Bir gazete kupüründe; kullandığımız çamaşır sularının bedensel sağlığımızın yanı sıra, ruhsal sağlığımızı da etkilediğini ve bu durumdan dolayı depresif insanların sayısının arttığı yazıyor. Detayları okuyunca, temizlik uğruna bedenimize verdiğimiz zarar sayfalarca… Ki bu ürünlerden, boyları kısa olduğu için en çok etkilenen ise çocuklar… 
***
Bunun yanında, iş ve türevleriyle kendi dengesini bozmuş kadınlarımız ise git gide artıyor. Akşama kadar evin neresi kirli, neresinde toz var? Neresini dezenfekte etsem, diye uğraşıp bütün huzurunu altüst eden bu kadar yoğunluk içinde evin yeniden dağıldığını fark edince cinnet krizleri geçirenler ise, azımsanmayacak kadar çok. 
Sırf evi dağıtmasın diye televizyon başına oturtulan, elbisesi kirlenir diye sokağa çıkartılmayan. Parkta annesine “Kumlara basabilir miyim?” diye izin isteyen çocukların sayısı ise gün geçtikçe artıyor. Öyle ki, üç yaşındaki kızının “İlk defa bugün kuma bastı. Hayret doğrusu. Elbisesi kirlenir diye basmıyordu” diyen annenin gözlerinin içindeki mutluluğu görünce içim ürperdi.
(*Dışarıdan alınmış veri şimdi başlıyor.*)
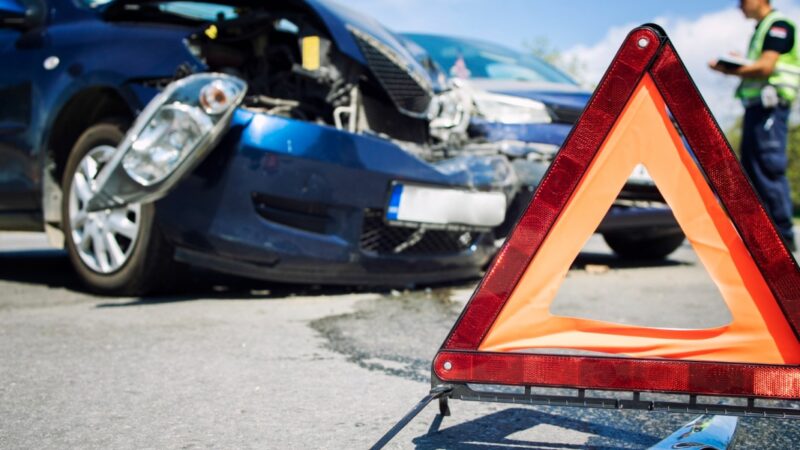 Awaria na autostradzie A1 po kolizji pojazdu osobowego z barierkami drogowymi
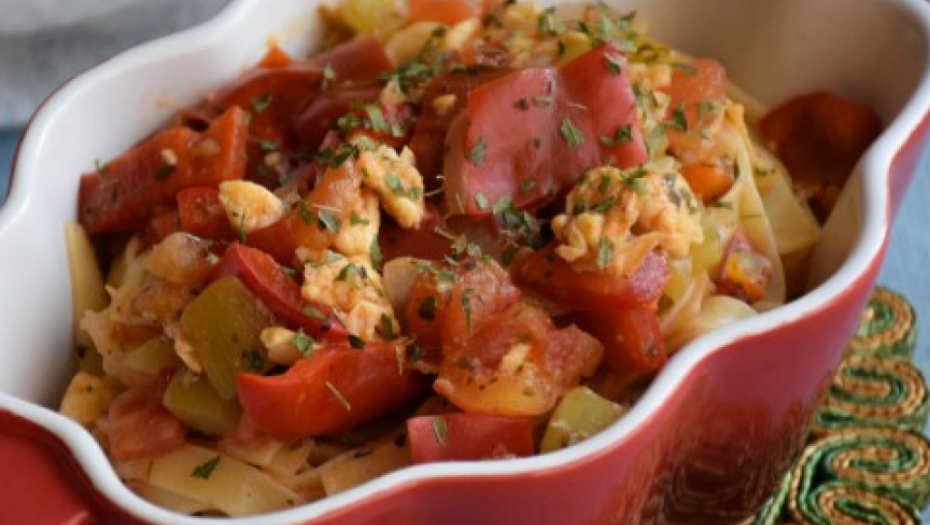 Brze taljatele sa prženim jajima i raznim povrćem - Jeftino jelo, lako se sprema, a doživljaj za pamćenje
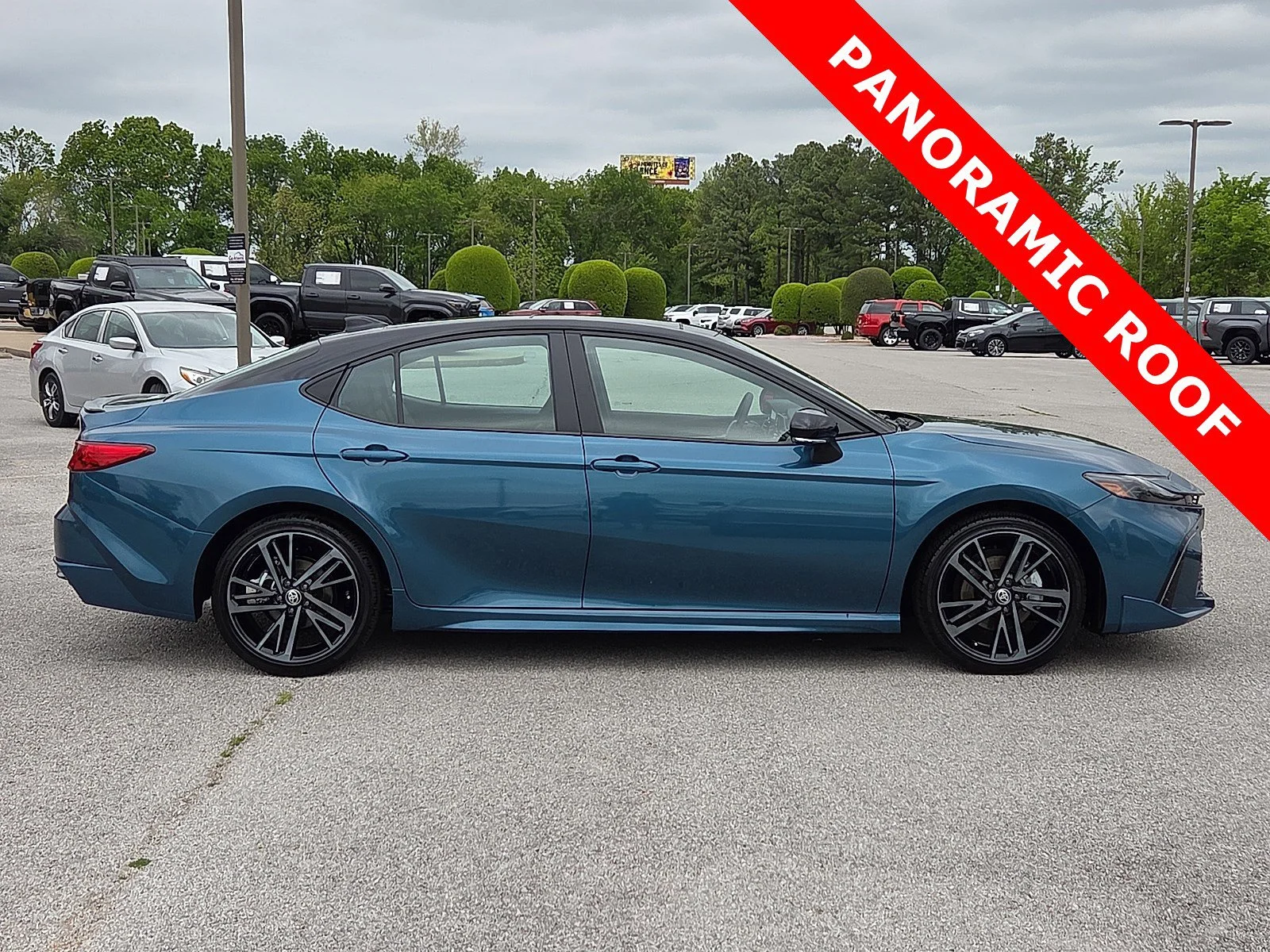 Used 2025 Ocean Gem/Midnight Black Metallic Toyota XSE image 6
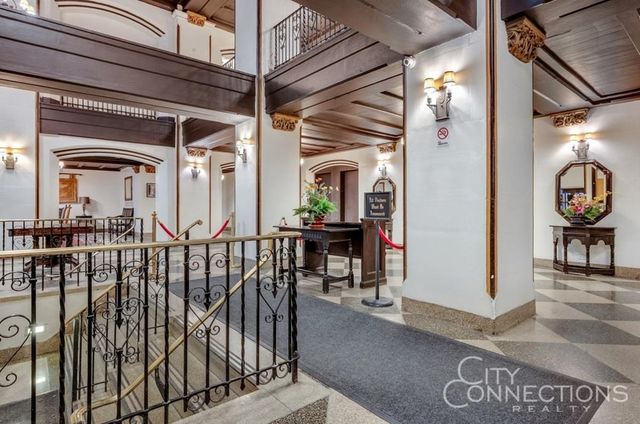 320 E 42nd St Apt 2004, New York City, NY 10017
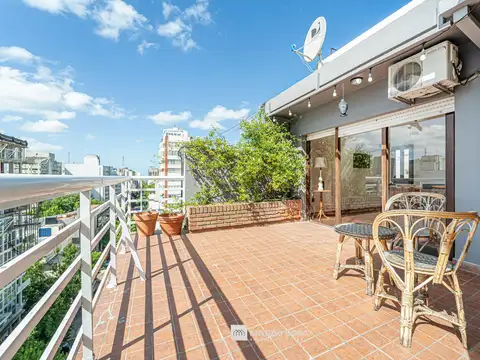 Venta - Piso 4 ambientes - Cochera - Baulera - Zona Centro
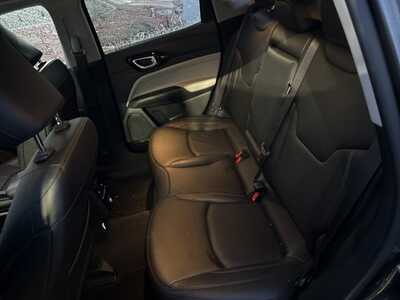 2022 Jeep Compass, $24000. Photo 8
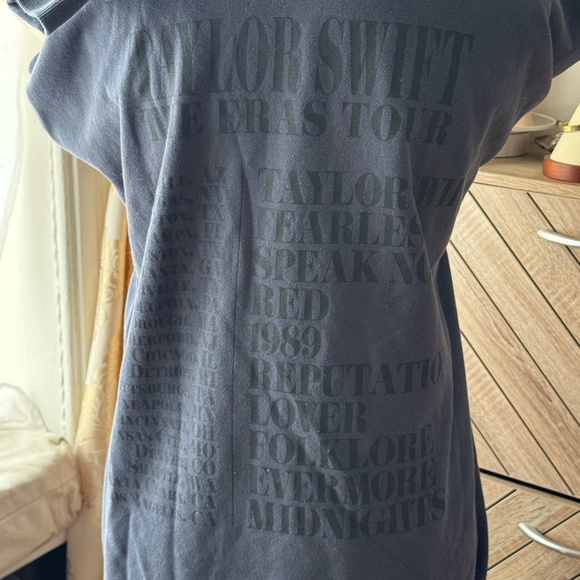NWT - Taylor Swift Eras Tour Exclusive Sweatshirt - Picture 5 of 8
Titizliğinden dolayı, kumlara basmayan bu kız çocuğu annesi için gurur duyulacak bir hâldi. Oysa ağlanacak bir durumdu benim için. 
Ne bileyim; su birikintilerine basmak için yol değiştirdiğim zamanlarım ve saçlarından tek tek temizlediğim kumları hatırlayınca, çocuk olmanın ne demek olduğunu anlamaya çalışıyorum bütün bunları yaparken.
Temizlik takıntısı hastalık olarak çıkıyor karşımıza. Bu hastalığı yenmenin, çocuklarımızın ve kendi ruh sağlığımızın bozulmamasının çaresi ise genişlemek. Bana kalırsa bu tahammülsüzlükle daha adını bilmediğimiz birçok hastalık yaşayıp tanıyacağız.